Revenue & Spending
The Debt Ceiling: Why You Should Care and How It Came to Be
by Jessica Schieder, 10/8/2013
A self-inflicted economic disaster looms on the horizon. Failure to approve a routine measure allowing the U.S. to manage its finances and pay the bills it already owes would have devastating effects. Increasing the debt ceiling is the only way to avoid a destabilization of the American economy.
A Treasury Department report released Thursday clearly states, "Even the prospect of a default can be disruptive to financial markets and American businesses and families." The U.S. Treasury has been using extraordinary measures over the last several months to manage the country's bills – these measures will be exhausted on Oct. 17. That is the deadline for increasing the debt ceiling.
"The report states that a default would be unprecedented and has the potential to be catastrophic: credit markets could freeze, the value of the dollar could plummet, and U.S. interest rates could skyrocket, potentially resulting in a financial crisis and recession that could echo the events of 2008 or worse," according to the Treasury Department. "The report also notes that if the current government shutdown is protracted, it could make the U.S. economy even more susceptible to the adverse effects from a debt ceiling impasse than it was prior to the shutdown."

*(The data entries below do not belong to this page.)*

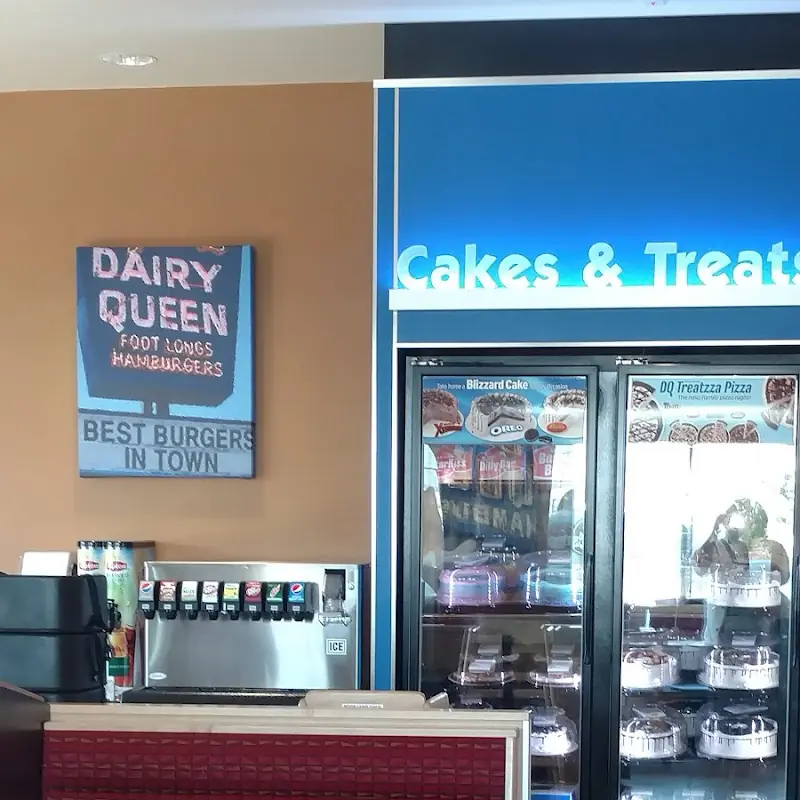 Dairy Queen Grill & Chill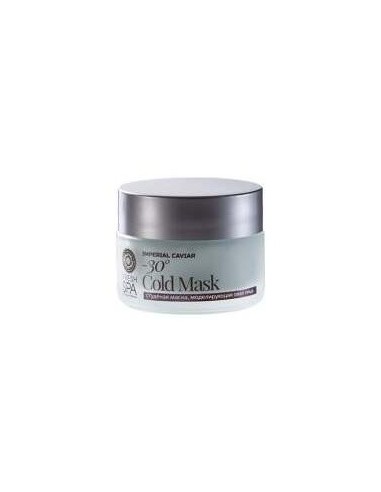 Fresh Spa Mascarilla Facial Helada Modeladora 50Ml de Natura Siberica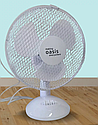 Вентилятор настольный Oasis VT-30W3, фото 2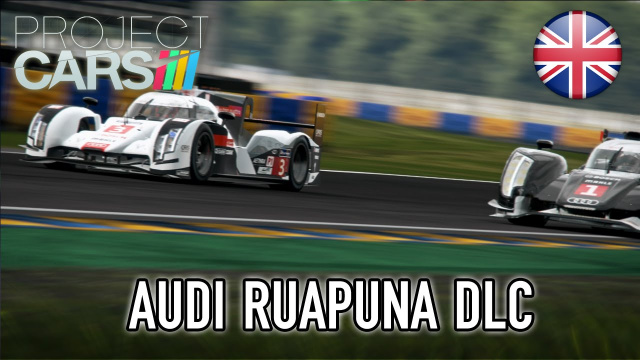 Project CARS – New Audi Ruapana Park ExpansionVideo Game News Online, Gaming News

Understanding the seriousness of a possible default, House Speaker John Boehner's spokesman stated clearly late last week, "Speaker Boehner has always said that the United States will not default on its debt." But Boehner's aide attached a proviso: "If we're going to raise the debt limit, we need to deal with the drivers of our debt and deficits." However, in television appearances on Sunday, the Speaker seemed to back away from these assurances and said if the president failed to negotiate with the House, the president would be responsible for a default.
Business organizations like the U.S. Chamber of Commerce and the AFL-CIO have both demanded that the debt ceiling debate be removed from political posturing. President Obama and Senate Democrats have been demanding a "clean" continuing resolution (on the federal budget) and a "clean" debt ceiling bill. Yet a number of House members seem to be willing to "play chicken" with default, despite the serious economic repercussions it would have.

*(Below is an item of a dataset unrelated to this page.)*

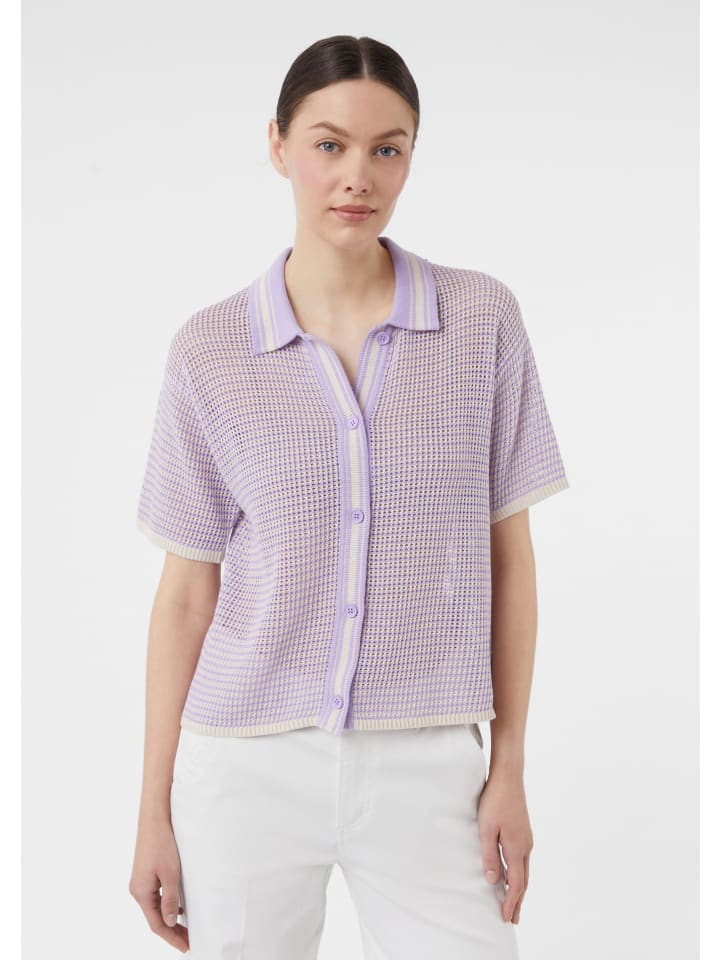 Утепленный жилет comma CI, фиолетовый
Утепленный жилет comma CI, фиолетовый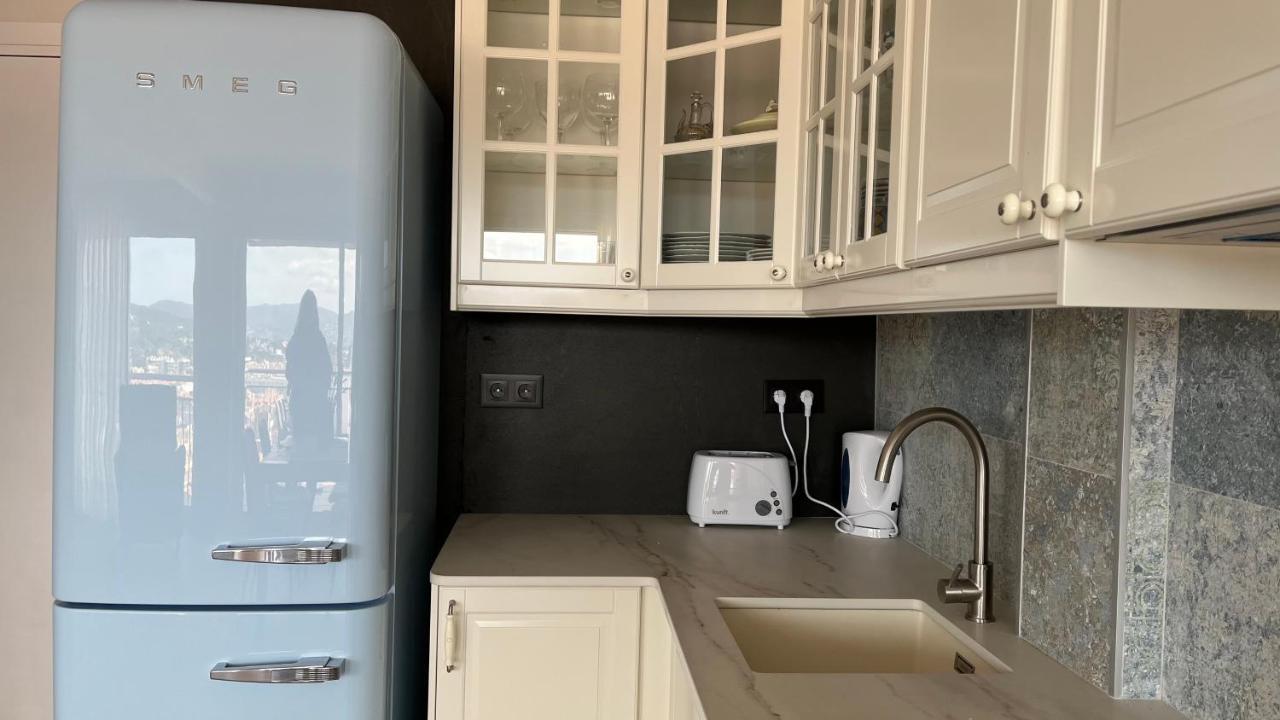 Apartament Paulina Паламос Екстериор снимка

The Politics of the Debt Ceiling Crisis
The buildup to the debt ceiling deadline is taking place with the government shutdown as a backdrop. The government shutdown, which was triggered by the failure to approve a budget, and a potential default on federal debt are distinct crises, but both are being handled simultaneously by largely the same group of politicians. So while the crises involve different mechanisms, the politics and personalities handling the government shutdown overlap.

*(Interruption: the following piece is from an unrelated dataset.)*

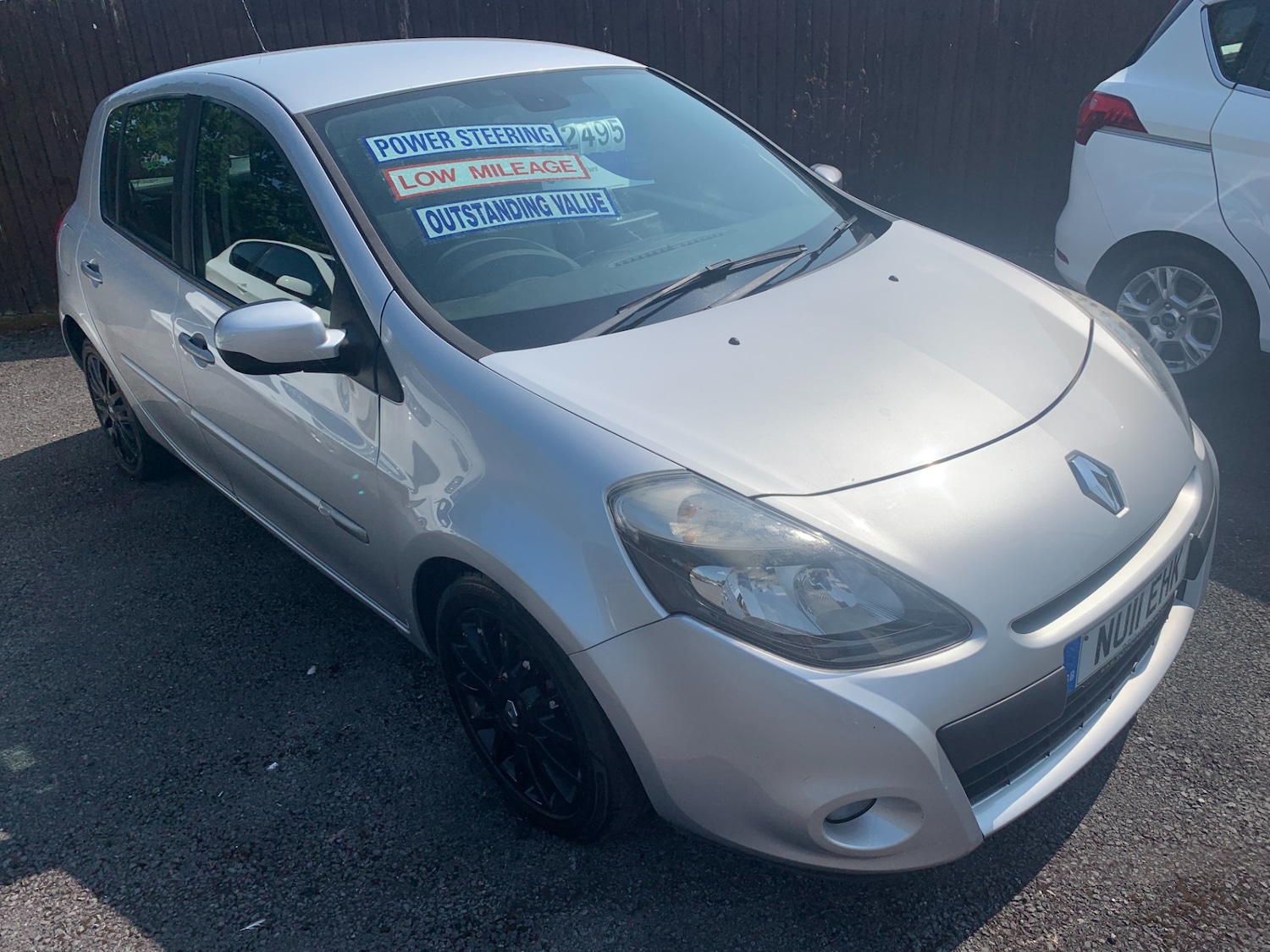 Vehicle 1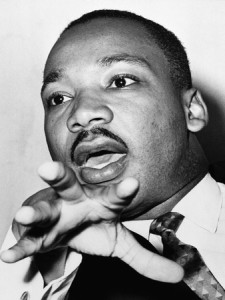 Theater-Martin Luther King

The national government partially shut down last week after Congress failed to approve a short-term spending bill. This failure occurred because of conservative intransigence against any bill keeping the government funded that included full support of the Affordable Care Act. Congressional Democrats and the president have rejected any spending bill that fails to fund the entire government, including the Affordable Care Act.
The president has asserted that he is willing to compromise on larger long-term budget matters but will not allow the debt ceiling to be used to extract concessions. One faction of one political party in one house of the legislature is betting on impossible concessions – essentially "hold[ing] the entire economy hostage over ideological demands," in the words of President Obama.
A default on American debt would be unprecedented. American prosperity depends in large part on low costs of borrowing and the risk-free nature of Treasury debt, both of which could be jeopardized by a default.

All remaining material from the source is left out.